Corsair | CMX512-3500C2
It’s a company name that we’re all very familiar with, with performance that stands out from its competitors. We’re talking about Corsair Memory: the world’s top performing memory for today’s computer gamers. Corsair Micro is a company that produces the most reliable high performance memory on the market.
Original Post Date: March 2003
Corsair Micro has provided us with two CMX512-3500C2 modules, matched for optimal usage when combined in a system; 1024 MB (1 GB) of memory, total.
DDR (Double Data Rate) memory has become a dominant product in today’s market, offering the consumer more than just another stick of memory. DDR can be used on both Intel and AMD based systems. Flexibility and performance has made it the number one choice of memory for today’s demanding computers.
- 512MB PC3500 (433 MHz)
- 32Mx8 DDR SDRAMs
- 5.0 nanosecond access
- Latency: 2-3-3-6-T1
- Pre-installed Aluminum heat spreaders
- Factory benchmarked on multiple chipsets
- Legendary Corsair reliability, service, and lifetime warranty
Memory is key for computer efficiency. It relieves stress and provides performance, given the system and memory are set up properly with CPU and motherboard type. Memory is something that should never be overlooked. Years ago, computer games required hardly any memory and didn’t particularly care about what type was being used, but that has now changed significantly.
Long ago, 8 MB of memory was quite sufficient, but today’s minimum requirements start around 256 MB. Back in the day, memory was easy to choose, too. You’d simply walk up to the counter of your local computer store and basically request the amount of DRAM you wanted, and then run home and install it. But it ain’t like that no more, nohow.
All aspects of computer technology are generally changing for the better. New processors drive motherboard and computer accessory changes–not to mention everything else that changes around the processor market as well. That alone is a book in itself.
What is XMS?
XMS stands for eXtreme Memory Speed, and that’s the crux of the matter. XMS memory is very high performance memory that leaves room for overclocking, and takes on those high-end games that we’re all so familiar with. So, how is this accomplished?
XMS, or eXtreme Memory Speed, is the process that Corsair uses to take ICs rated at one speed and verify/guarantee their operation at another speed. Since specifications have not been generated to accurately specify operating parameters, Corsair gives these parts an XMS rating. For example, since PC2400 does not exist according to any valid standards institution, Corsair parts are called XMS2400.

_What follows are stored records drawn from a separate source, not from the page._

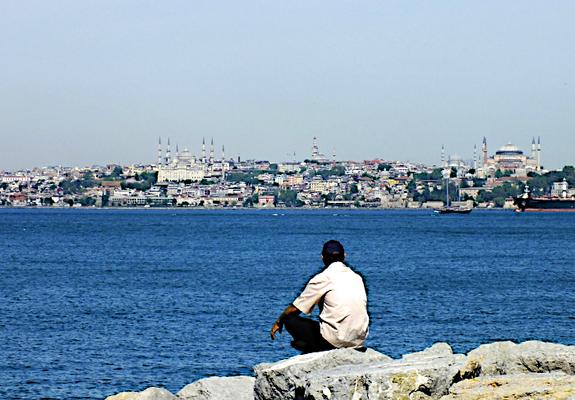 Foto van gehurkte man die over het blauwe water van de Bosporus naar het Europese deel van Istanbul kijkt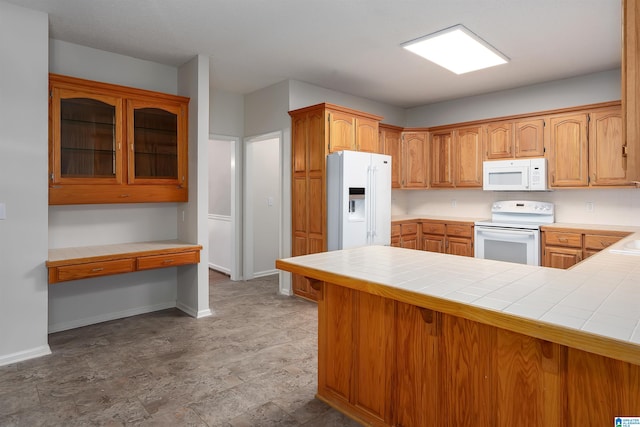 kitchen featuring tile counters, white appliances, and kitchen peninsula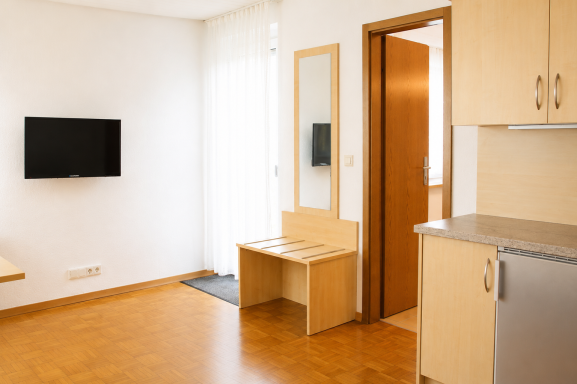 Helle, moderne Wohnung mit Fernseher, Tisch und Stuhl sowie Küchenbereich.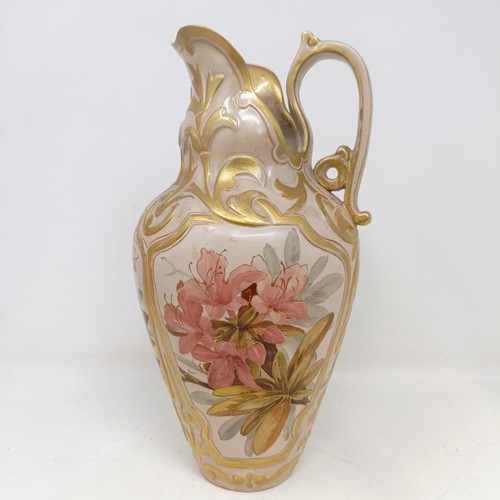 743 - A Doulton Lambeth ewer, by Frank A Butler, decorated with flowers, highlighted in gilt, 30 cm high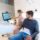 Dentist showing digital smile design to patient in modern clinic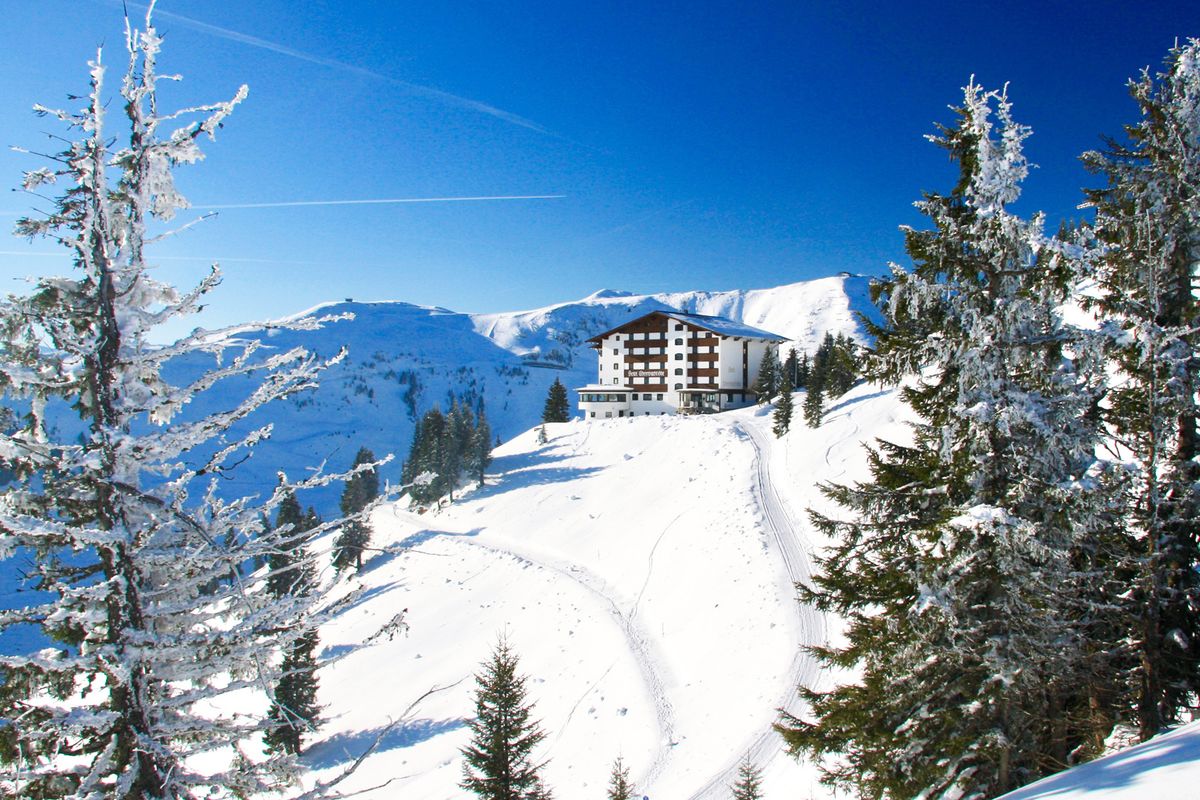 Hotelgebäude in der Ferne auf einem schneebedeckten Berg im Winter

Corsair doesn’t just ‘make’ memory and send it to consumers like most memory companies do. XMS memory modules are tested to perform at the speeds specified by the manufacturer. An example is PC3500 Corsair modules, like the two we are testing here. Motherboards don’t actually support DDR 433 MHz (PC3500) just yet, it’s around the corner, yes, but it’s an extra gain for when those boards do come out. Then again, if you’re running an AMD Barton system, you won’t actually get 433 MHz FSB speed, either—that’s another topic for a rainy day.